Evita

For all the sound and fury of Evita, I had a tough time staying awake.Visually, the movie is gorgeous. Director Alan Parker and the great cinematographer Darius Khondji (who shot Seven) make glorious use of the wide screen. But I’d rather see a crappy-looking film with some heart and soul. Evita comes dangerously close to being a parade of beautiful hollow images.

That said, I doubt any director could have made a good movie from Andrew Lloyd Webber’s baffling and shallow musical. Except for Cats, which has T.S. Eliot’s poetry and some luscious costumes and lights going for it, Lloyd Webber’s work leaves me cold. Those who enjoy his brand of pompous pop may not mind the numbingly repetitive Evita; at times, I felt as if I were trapped inside a jukebox that only plays three songs.

The basic story whizzes by. The poor but ambitious Eva Duarte (Madonna) sleeps her way to the top, marrying Juan Perón (Jonathan Pryce), future president of Argentina. Eva becomes a sort of ab-fab representative of the people, though the movie suggests that it’s merely another career move by a woman who craves love and acceptance. Meanwhile, the cynical narrator Ché (Antonio Banderas) keeps rolling his eyes and singing a series of “Get a load of this” commentaries.

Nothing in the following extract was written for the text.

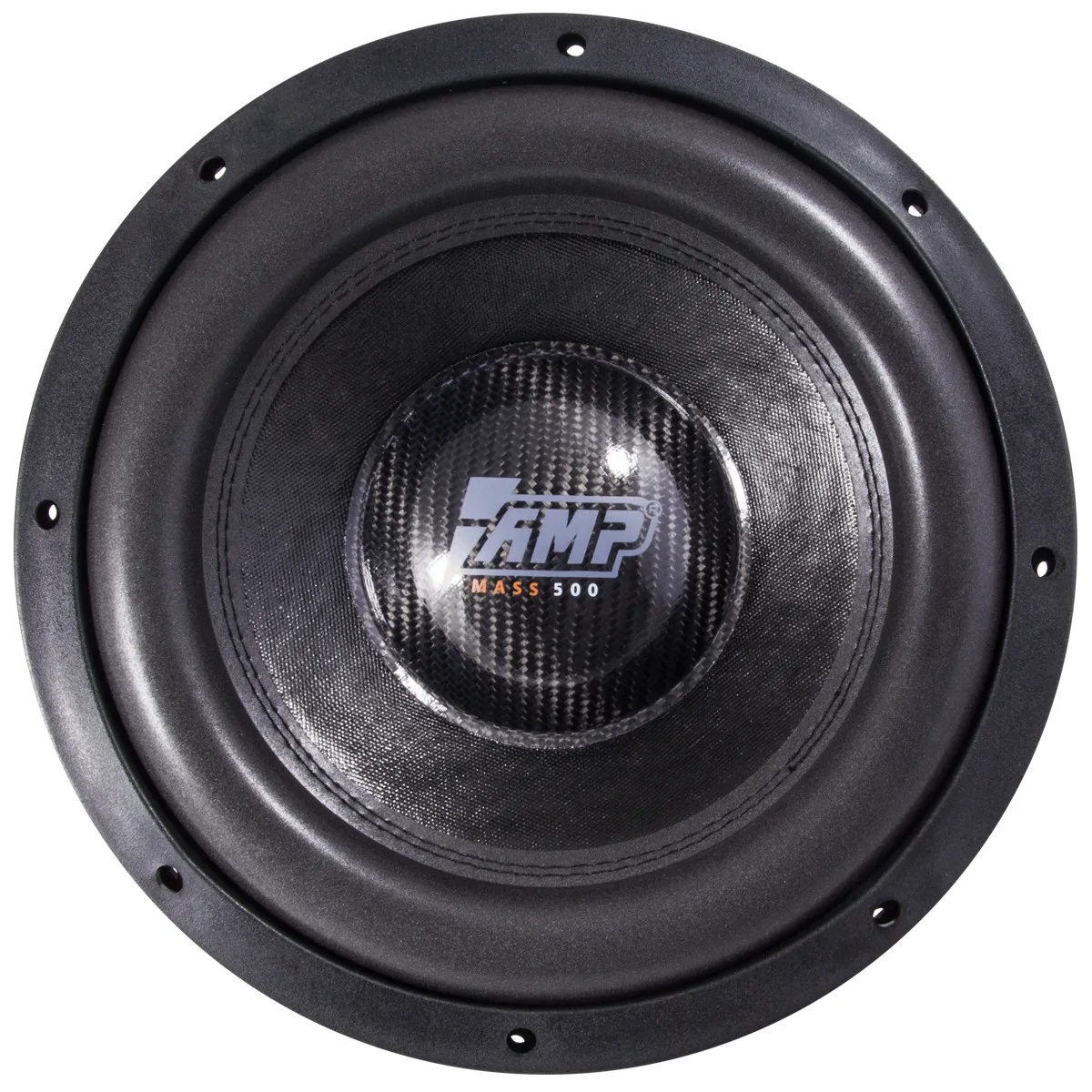 Сабвуферные динамики AMP MASS 500 12D2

We get a load of it, all right. Alan Parker actually can do small, enjoyable human stories (Shoot the Moon, Birdy, The Commitments); he works best with material that doesn’t require him to push so hard. Here he’s in his overbearing razzle-dazzle mode, where slick technique and surface excitement are everything. After about an hour you get jaded: “Gee, another painstakingly composed crowd shot.” To be fair to Parker, Evita probably couldn’t have been filmed any other way, which raises the question of whether it should have been filmed at all.

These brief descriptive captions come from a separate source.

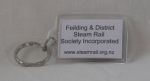Text on back of Keyring of F163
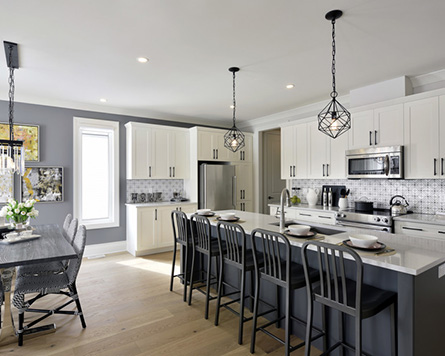 Homes for Sale at Mahogany in Ottawa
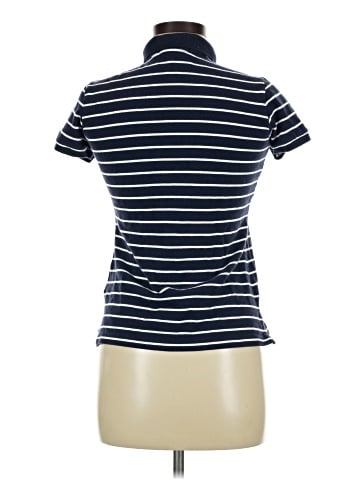 Ralph Lauren Sport Short Sleeve Polo (view 2)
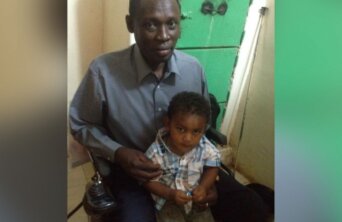 daniel wani and son daniel wani and son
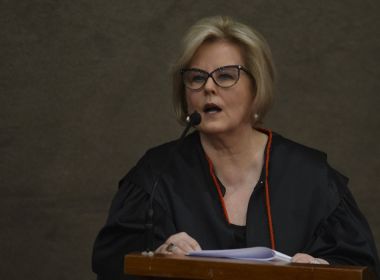 Rosa Weber é eleita nova presidente do STF; Luís Roberto Barroso é eleito vice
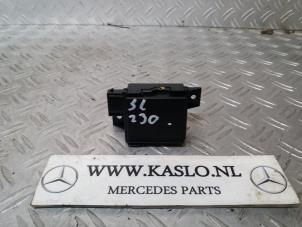 Used Sensor (sonstige) Mercedes SL (R230) 3.7 SL-350 V6 18V Price € 25,00 Margin scheme offered by kaslo auto parts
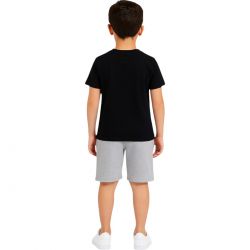 Pack de 2 T-shirts et short Ellesse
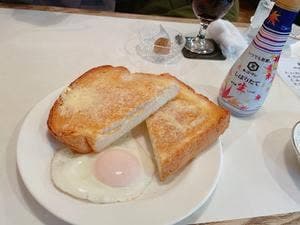 カフェ ラソンブル
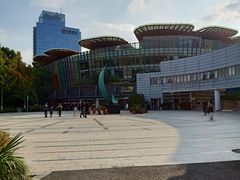 -白塘生态植物园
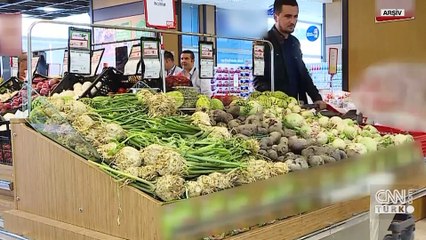 Ticaret Bakanlığı duyurdu! Yeni yıl öncesi ceza yağdı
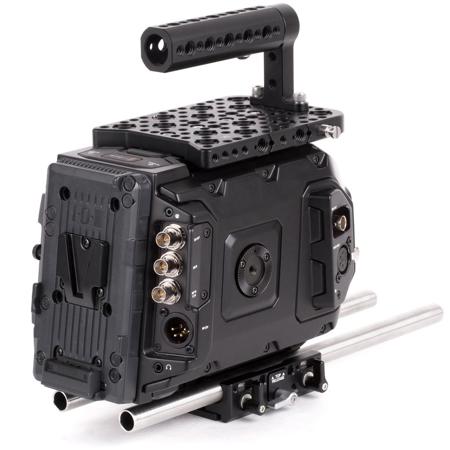 Wooden Camera Unified Accessory Kit for Blackmagic URSA Mini Camera (Base)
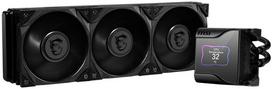 msi ausintuvai - MSI Meg Coreliquid S360 - 1 nuotrauka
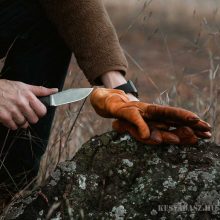 SOG Ace outdoor kés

It’s no compliment to Madonna to say that this is the role she’s been waiting for. She’s in decent voice, and she handles her deathbed scenes deftly, but most of her performance is a pose — again, a problem originating with the material. Eva is vogueing through history. A real actress might have brought some slyness and depth to Eva’s machinations. Banderas (who sings surprisingly well) and Pryce seem to be having more fun; unlike Madonna, they don’t feel they have anything to prove to us, and they have a natural elegance that the expensively-attired star lacks.

Yet the screening I attended was packed, and there was scattered applause at the end — something I haven’t heard at a movie in years. It’s easy to see why. Evita is noisy and blunt, and it presents itself as a serious musical epic (the illusion is often trashed by Lloyd Webber’s dated disco-rock orchestrations). No question, it’s the event movie of the season. The applause also says that Madonna is now respectable. The ridiculed sex priestess has become a pop icon your grandma could approve of. You don’t have to like Madonna to be disturbed by the homogenization our culture imposes on provocative women. In Evita, the controversial but redeemed Eva Perón ascends to Hollywood good-girl heaven, and Madonna is right beside her.